Gov. Mike Parson Loses Latest Challenge to St. Louis Circuit Attorney Kim Gardner
Missouri Gov. Mike Parson's election-year maneuver to blame St. Louis Circuit Attorney Kim Gardner for the city's homicide numbers and hand off certain murder cases to the state attorney general died today in the House of Representatives.
The House closed the veto session today without even taking up legislation for "concurrent jurisdiction" that would have stripped Gardner of some of her decision-making power as a prosecutor.
Parson had pushed a handful of measures on state legislators for a special session, claiming they would combat violent crime. That originally included changes that would have provided a new path for charging as adults kids as young as twelve, repealing a St. Louis rule that required cops to live in the city for their first seven years, bump up penalties for selling guns to juveniles and create a witness protection fund.

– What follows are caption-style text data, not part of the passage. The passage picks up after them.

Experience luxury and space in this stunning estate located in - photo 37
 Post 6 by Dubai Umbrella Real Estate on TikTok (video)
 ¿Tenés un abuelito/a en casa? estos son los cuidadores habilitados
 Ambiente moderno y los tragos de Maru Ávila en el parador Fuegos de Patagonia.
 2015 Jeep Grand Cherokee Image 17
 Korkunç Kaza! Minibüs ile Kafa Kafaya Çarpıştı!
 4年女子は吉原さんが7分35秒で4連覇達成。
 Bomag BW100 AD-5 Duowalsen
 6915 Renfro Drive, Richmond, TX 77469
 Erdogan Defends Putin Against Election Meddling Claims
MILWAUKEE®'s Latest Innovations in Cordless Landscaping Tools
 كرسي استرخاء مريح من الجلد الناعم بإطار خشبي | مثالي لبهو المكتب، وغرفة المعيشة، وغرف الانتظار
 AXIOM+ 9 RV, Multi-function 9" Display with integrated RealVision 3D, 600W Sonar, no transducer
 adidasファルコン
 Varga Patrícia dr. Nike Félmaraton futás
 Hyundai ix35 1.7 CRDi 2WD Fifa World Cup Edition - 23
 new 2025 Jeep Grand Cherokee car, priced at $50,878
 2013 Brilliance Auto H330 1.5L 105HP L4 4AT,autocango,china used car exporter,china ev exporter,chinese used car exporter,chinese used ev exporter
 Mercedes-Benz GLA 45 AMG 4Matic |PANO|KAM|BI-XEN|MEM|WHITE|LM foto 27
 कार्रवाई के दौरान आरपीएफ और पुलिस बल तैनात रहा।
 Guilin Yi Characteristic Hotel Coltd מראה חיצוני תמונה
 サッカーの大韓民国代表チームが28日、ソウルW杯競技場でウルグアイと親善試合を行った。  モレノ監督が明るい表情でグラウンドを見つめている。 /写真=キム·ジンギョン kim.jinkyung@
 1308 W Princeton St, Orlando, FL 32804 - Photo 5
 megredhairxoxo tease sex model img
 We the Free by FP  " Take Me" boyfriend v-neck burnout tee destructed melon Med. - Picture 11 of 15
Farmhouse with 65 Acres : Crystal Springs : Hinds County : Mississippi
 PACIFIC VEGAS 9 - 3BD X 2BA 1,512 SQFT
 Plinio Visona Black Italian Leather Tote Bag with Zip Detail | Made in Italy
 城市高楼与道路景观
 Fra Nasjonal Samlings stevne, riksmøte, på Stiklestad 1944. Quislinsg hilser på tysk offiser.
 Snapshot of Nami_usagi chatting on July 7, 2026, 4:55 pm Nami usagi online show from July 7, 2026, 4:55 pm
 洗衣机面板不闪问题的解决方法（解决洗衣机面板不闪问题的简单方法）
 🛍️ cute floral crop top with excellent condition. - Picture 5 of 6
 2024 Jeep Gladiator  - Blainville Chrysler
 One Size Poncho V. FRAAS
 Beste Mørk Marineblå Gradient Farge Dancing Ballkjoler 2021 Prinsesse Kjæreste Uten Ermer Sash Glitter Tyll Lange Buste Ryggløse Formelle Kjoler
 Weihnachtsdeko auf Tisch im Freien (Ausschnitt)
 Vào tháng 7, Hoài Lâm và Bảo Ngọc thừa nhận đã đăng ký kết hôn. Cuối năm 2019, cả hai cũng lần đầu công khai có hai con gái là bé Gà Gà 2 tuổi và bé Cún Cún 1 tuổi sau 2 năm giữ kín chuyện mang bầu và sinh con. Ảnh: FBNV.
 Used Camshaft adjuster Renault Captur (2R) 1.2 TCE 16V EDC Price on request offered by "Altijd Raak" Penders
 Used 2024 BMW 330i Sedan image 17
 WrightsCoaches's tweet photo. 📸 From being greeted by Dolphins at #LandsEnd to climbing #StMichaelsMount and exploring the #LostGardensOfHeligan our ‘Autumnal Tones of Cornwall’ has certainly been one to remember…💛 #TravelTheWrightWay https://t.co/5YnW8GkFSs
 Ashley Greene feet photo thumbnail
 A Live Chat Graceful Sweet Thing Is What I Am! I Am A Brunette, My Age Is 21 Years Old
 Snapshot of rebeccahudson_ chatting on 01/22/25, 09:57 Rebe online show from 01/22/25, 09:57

He later tacked on a measure that would have let Attorney General Eric Schmitt take over murder cases that Gardner hadn't charged within 90 days or that had been charged and dismissed. As justification, Parson and Schmitt blamed Gardner for what they claimed was a backlog of murder cases. However, as we reported in an August 26 cover story, the vast majority of open murder cases are open because police hadn't arrested anyone, not because of anything Gardner was or wasn't doing.